▶ INFORMATION PROVIDED:

────────────────

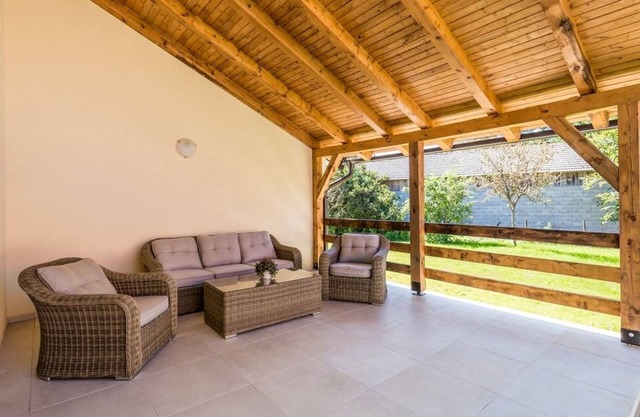 Holiday house Green house - shared pool & BBQ: - Plaski, Continental Croati, Croatia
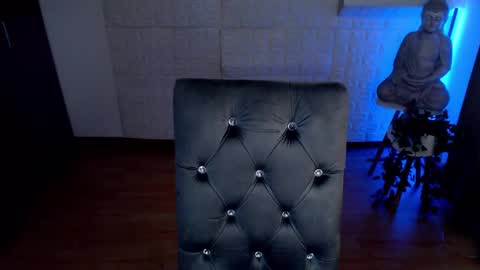 Snapshot of emili_evans_ chatting on 22, 1, 2025 POWERFULL GODDESS EMILI online show from 22, 1, 2025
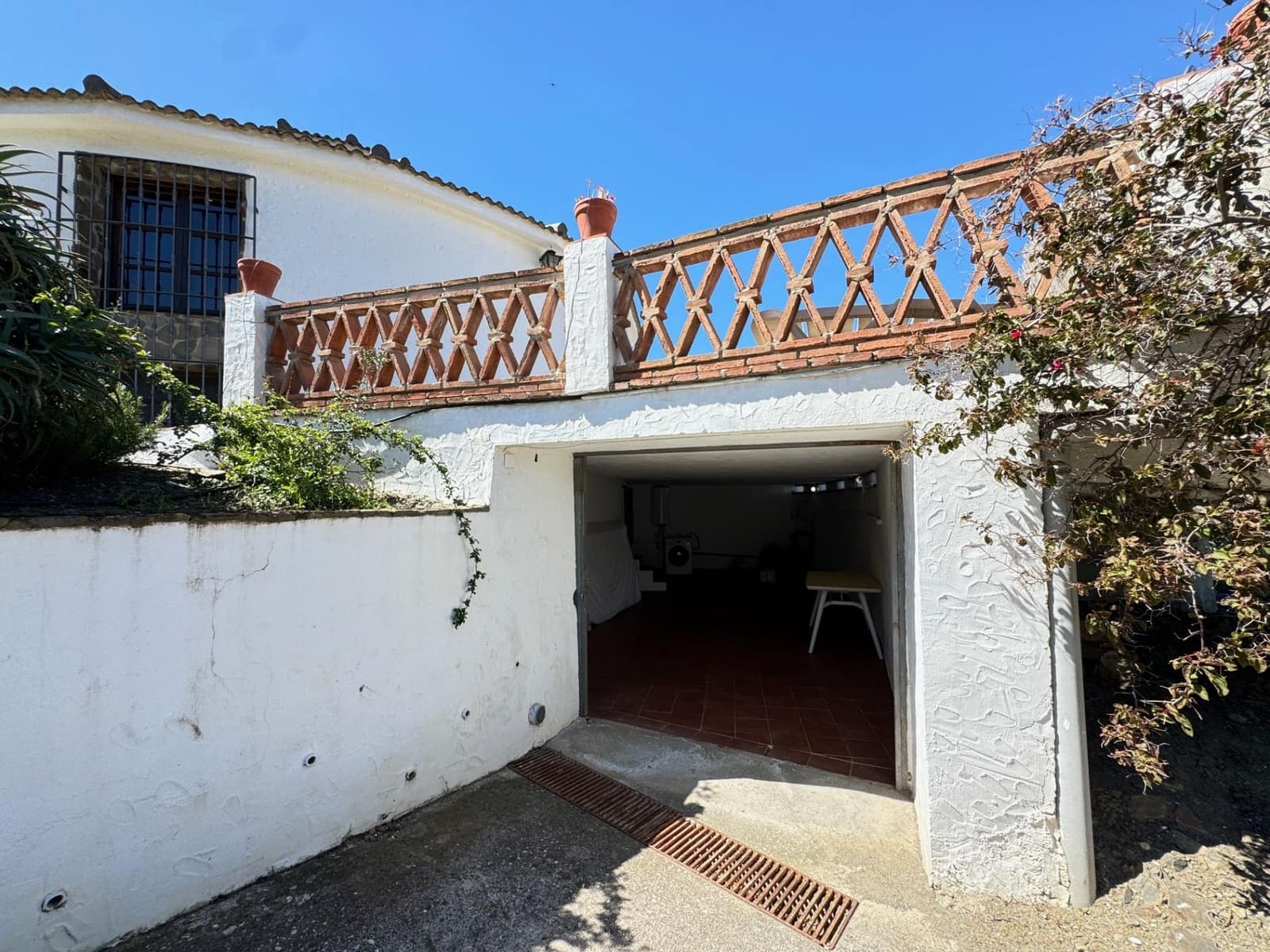 4 bedroom Finca/Country House for sale in Torrox with pool garage - € 378,000 (Ref: 9854368)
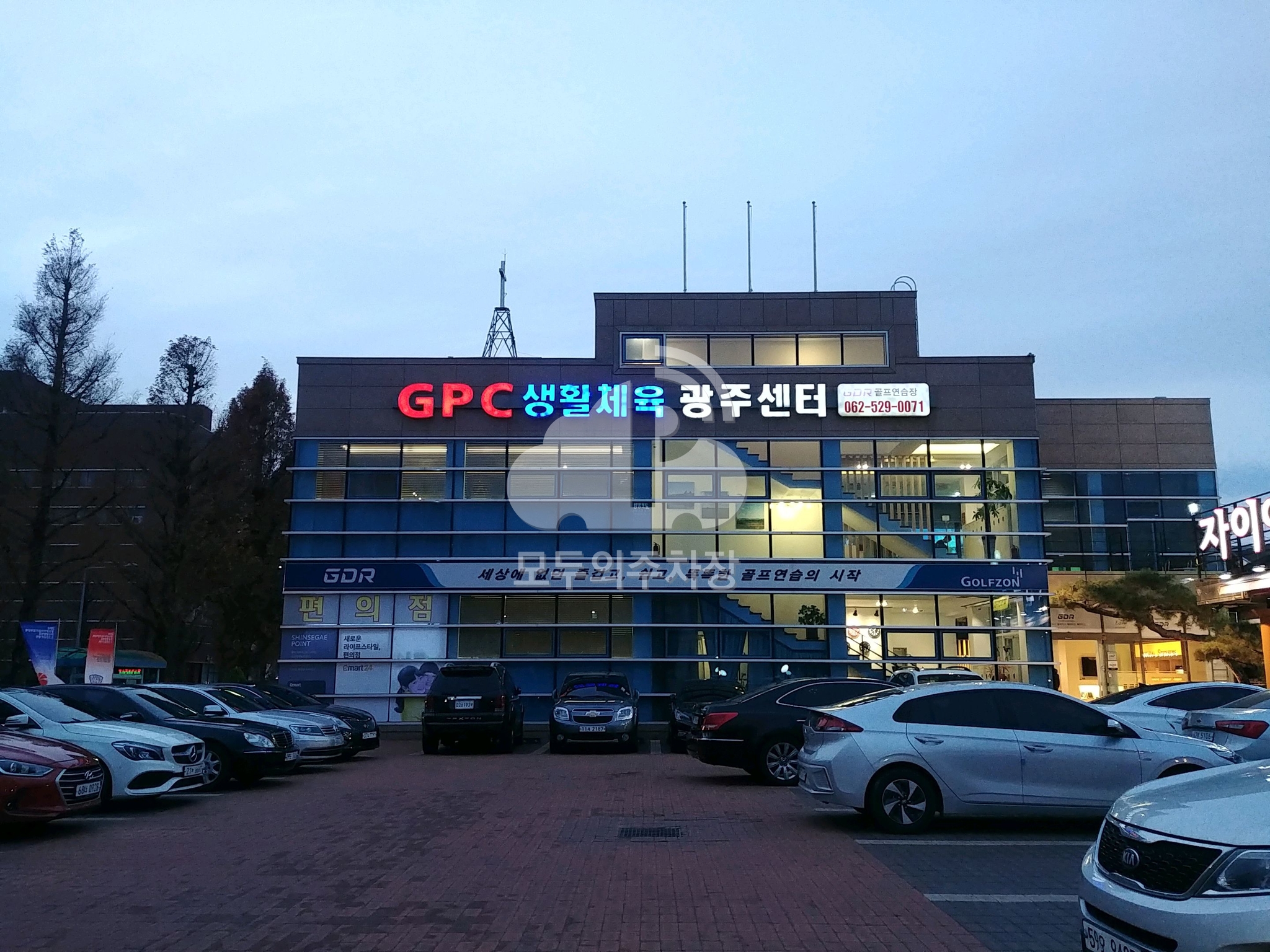 자이언트골프존 주차장 이미지 1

────────────────

From the line that contains "Snapshot of emili_evans_" to the end of the material above, output every line exactly, both ends included, but leave out any pictures.

▶ OUTPUT FOR THIS TASK:
 Snapshot of emili_evans_ chatting on 22, 1, 2025 POWERFULL GODDESS EMILI online show from 22, 1, 2025
 4 bedroom Finca/Country House for sale in Torrox with pool garage - € 378,000 (Ref: 9854368)
 자이언트골프존 주차장 이미지 1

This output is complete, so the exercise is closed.